I honestly hadn't first considered the Ukraine similarity when I wrote the first comment. That tracks tbh. I'm probably reacting to how much confusion there is generally about the Nazis and the USSR, where most people don't have their own developed views but have appropriated some posture through hegemony, which has its own biases and incentives to confuse understanding. I also didn't see i was posting in a Euro comm or i would have probably stopped myself.

Tbh the Ukraine similarities track, but the issues around that war are very confused as well. In general, I'd say people dont understand how western forces destabilized and used Ukraine to agitate Putin into invasion and war, likely to draw them into a protracted , draining, no-win conflict like Viet Nam. Then people who are aware of that tend to think of Ukraine as US imperialist puppets, and end up buying much of the Russian framing of the issues. Germany was more than happy to keep burning Russian natural gas before the Nord Stream pipelines were blown up, although I think its probably disingenuous to flatten this artist's protest message into the geopolitical maneuvering of German establishment.

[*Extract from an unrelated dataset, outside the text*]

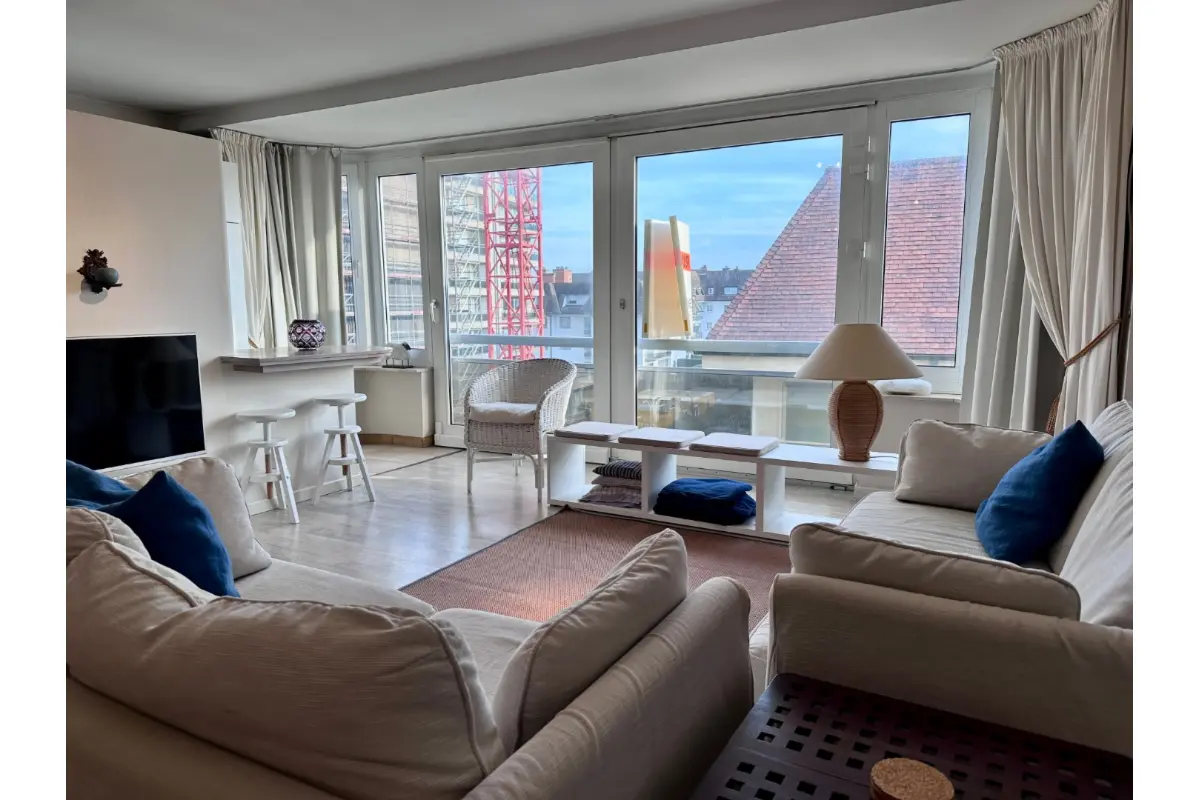 Appartement te  huur in Knokke 8300 1300.00€ 2 slaapkamers 80.00m² - Zoekertje 728728
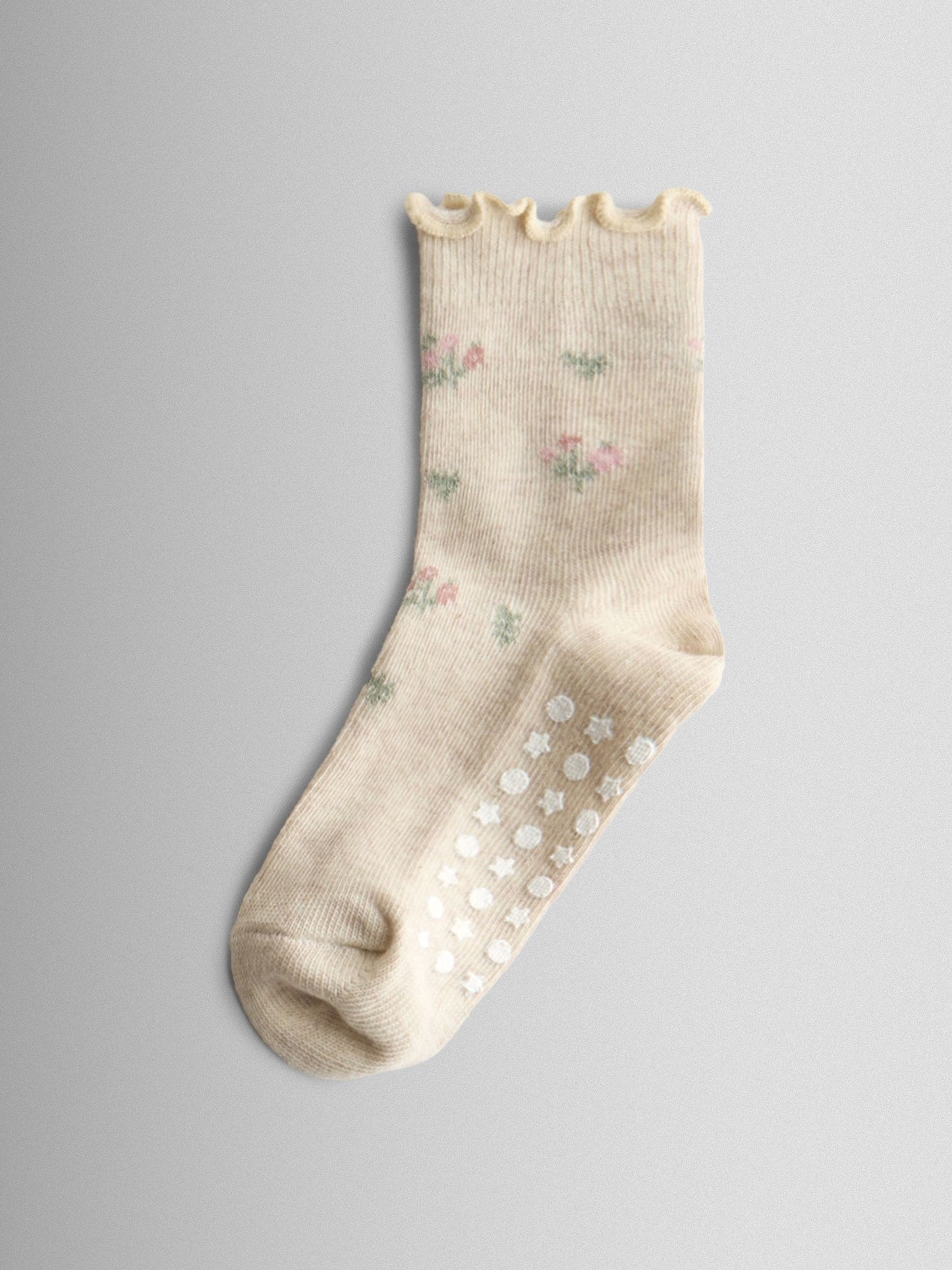 JoJo Maman Bébé Natural Floral 3-Pack Socks image 4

I guess I would prefer something more explicit toward acknowledging the incredible hardship this war has created in a country that has known nothing but hardship and exploitation, if that is the intention of the work. By my account, taking all of that and framing it as Trump+Putin=Stalin+Hitler (seriously who is Hitler and who is Stalin in this formula) misses the mark, but I appreciate the challenge and engagement.

[–] Juice@midwest.social 0 points 1 week ago (5 children)

Okay, i have adhd and often miss things. You got me. Now can you answer my question? I dont mean to be defensive and I want to be educated.

[–] Juice@midwest.social -5 points 1 week ago (7 children)

What is the modern "pakt" between Trump and Putin that this refers to? In what ways does this supposed pact differ from the historic one? How are they similar?